▶ Aim of the exercise:
Each line in the listing below needs to be transcribed exactly.
Dataset extract START
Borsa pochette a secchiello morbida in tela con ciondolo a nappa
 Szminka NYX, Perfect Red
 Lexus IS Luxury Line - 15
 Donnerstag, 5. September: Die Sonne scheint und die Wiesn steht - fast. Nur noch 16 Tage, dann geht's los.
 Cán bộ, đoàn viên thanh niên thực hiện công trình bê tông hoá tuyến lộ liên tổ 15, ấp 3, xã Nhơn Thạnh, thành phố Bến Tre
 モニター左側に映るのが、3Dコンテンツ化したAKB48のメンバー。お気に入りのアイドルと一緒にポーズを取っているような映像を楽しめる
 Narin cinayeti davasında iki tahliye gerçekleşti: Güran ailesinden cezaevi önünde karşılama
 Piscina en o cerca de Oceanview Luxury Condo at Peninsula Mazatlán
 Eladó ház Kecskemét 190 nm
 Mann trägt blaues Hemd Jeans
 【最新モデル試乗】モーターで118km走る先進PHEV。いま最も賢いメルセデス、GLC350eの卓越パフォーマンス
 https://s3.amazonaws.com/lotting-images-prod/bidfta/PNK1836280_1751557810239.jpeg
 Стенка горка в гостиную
Dataset extract END
▶ Written reply:
Borsa pochette a secchiello morbida in tela con ciondolo a nappa
 Szminka NYX, Perfect Red
 Lexus IS Luxury Line - 15
 Donnerstag, 5. September: Die Sonne scheint und die Wiesn steht - fast. Nur noch 16 Tage, dann geht's los.
 Cán bộ, đoàn viên thanh niên thực hiện công trình bê tông hoá tuyến lộ liên tổ 15, ấp 3, xã Nhơn Thạnh, thành phố Bến Tre
 モニター左側に映るのが、3Dコンテンツ化したAKB48のメンバー。お気に入りのアイドルと一緒にポーズを取っているような映像を楽しめる
 Narin cinayeti davasında iki tahliye gerçekleşti: Güran ailesinden cezaevi önünde karşılama
 Piscina en o cerca de Oceanview Luxury Condo at Peninsula Mazatlán
 Eladó ház Kecskemét 190 nm
 Mann trägt blaues Hemd Jeans
 【最新モデル試乗】モーターで118km走る先進PHEV。いま最も賢いメルセデス、GLC350eの卓越パフォーマンス
 https://s3.amazonaws.com/lotting-images-prod/bidfta/PNK1836280_1751557810239.jpeg
 Стенка горка в гостиную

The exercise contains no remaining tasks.